Monday, October 30, 2006

Diário de Transbordo - Parte XV: Mitos e Lendas - La Malinche




- Dolores, Dolores, descobri sua verdadeira identidade!

(Silêncio)

- Ah, é, Teresa? Quem sou eu, segundo você?

- Você é a Malinche, a mulher que usa a língua para circular em dois mundos, e trair os que estão do lado de lá em favor dos que estão do lado de cá ! Você não conhece a história?

- Não, Teresa. Não conheço quem dizes que sou.

- A Malinche foi uma mulher que viveu na época da invasão espanhola aqui no México, lá pelos anos de mil e quinhentos e minha vó. Ela foi vendida como escrava pelo seu padrasto, que, acho, não devia gostar muito dela. Enquanto estava presa, ela acabou aprendendo a língua maia, com os índios que ficavam no cativeiro com ela. Ela foi vendida aos invasores, e também começou a aprender espanhol, porque era muito sabida. Nessa mesma época, o famoso invasor Hernán Cortés estava chegando por aqui, logo se entusiasmou com a habilidade lingüística da Malinche, e aí, língua vai, língua vem, acabaram fazendo um filho. O Cortés carregava a Malinche para tudo quanto era lado, para negociar com os índios. Eu acho que ela não traduziu direito, porque a cada troca os índios mexicanos ganhavam enxadas enquanto os invasores espanhóis enchiam os bolsos de ouro.

- Bela história, Teresa. Mas é assim que você me vê? Uma sábia ex-escrava traidora?

- Ai, Dolores, você não entendeu nada. Não é pra interpretar ao pé da letra. Você também trai pela língua, mas só pra tentar ajudar os que não tem voz.

Cidade do México, 21 de outubro de 2006.

Saturday, October 28, 2006

Diário de Transbordo - Parte XIV: Mitos e Lendas - La Llorona


Na noite de 19 de outubro, Dolores não encontrou consolo na caneca de vinho caseiro da adega cubana. Sentia-se sufocada de experiências, angustiada pelo porvir e amedrontada ante a necessidade de abandonar seres cativados. Alcançou a rua balançando o vento com a saia rodada, marcando o caminho do centro da capital mexicana com a água e o sal que brotavam de seus olhos.

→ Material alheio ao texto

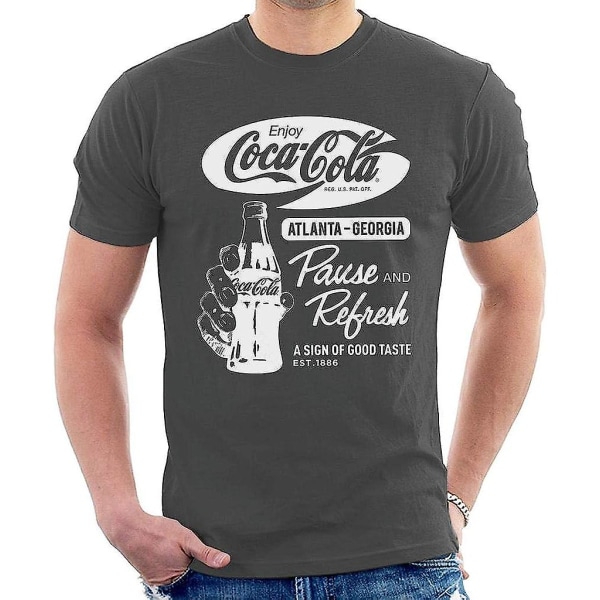 Coca Cola Pause And Refresh Retro Herre T-shirt ash XXL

Ouviu passos atrás de si, mas preferiu ignorar a presença inoportuna na madrugada solitária. Caminhou a passos largos, mas quanto mais se apressava, mais sentia a presença inquietante da mulher que a seguia. O estalar do salto no asfalto corroído pelo peso dos automóveis lhe dava a certeza de que era uma alma feminina que a perseguia. A respiração dócil, embora apressada, não lhe deixava dúvidas.

Virou bruscamente na primeira rua à esquerda, e escondeu-se atrás de dois latões de lixo povoados de ratazanas. Esperou até ter a certeza de que a companhia indesejada havia se esvaído, e entregou-se novamente à solidão noturna da capital.

Encontrou, aliviada, o Anjo da Independência, e deixou-se cair nos degraus construídos a seus pés. Quando novas gotas de água e sal tocaram a escada, ouviu soluços, mais angustiados que os dela, a seu lado. Surpresa, tentou mirar nos olhos da mulher, que se cobria com um longo vestido branco, mas um véu de uma neblina espessa encobria seu rosto.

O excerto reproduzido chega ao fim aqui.